## [Dataset section]

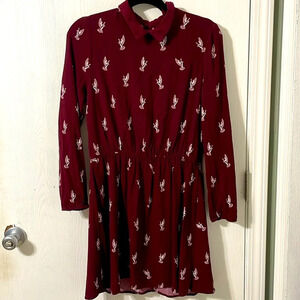 Divided midi bird pattern dress size 10
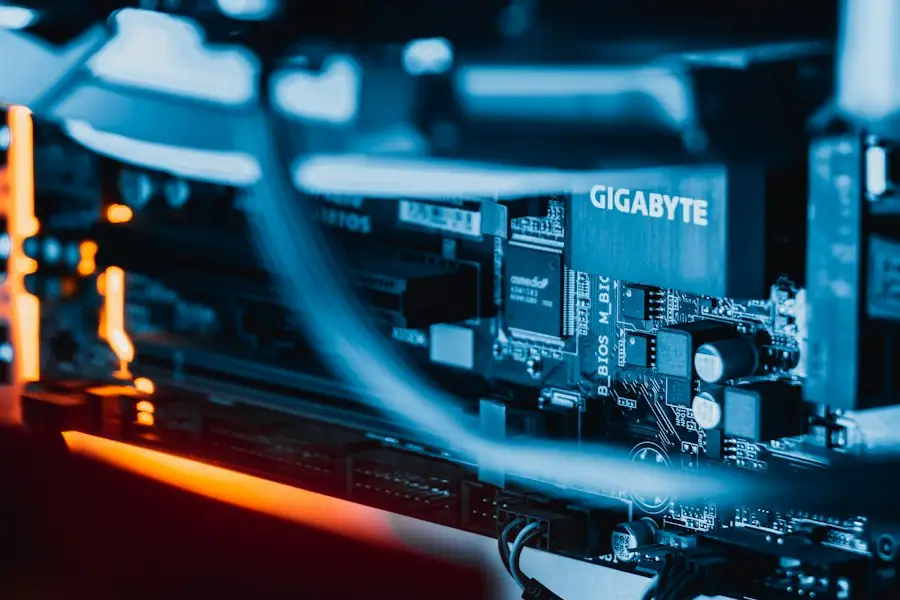 Close-up of a computer motherboard lit in blue
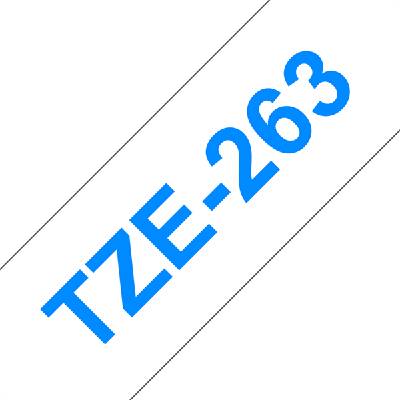 Brother Лента BROTHER TZe-263, синьо върху бял фон, ламинирана, 36 мм 1, 4", 8 метра TZE263 (TZE263)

## [Instructions for the task]
Every line above needs to be written out again as it stands. Pictures do not belong in the copy.

## [Reply]
 Divided midi bird pattern dress size 10
 Close-up of a computer motherboard lit in blue
 Brother Лента BROTHER TZe-263, синьо върху бял фон, ламинирана, 36 мм 1, 4", 8 метра TZE263 (TZE263)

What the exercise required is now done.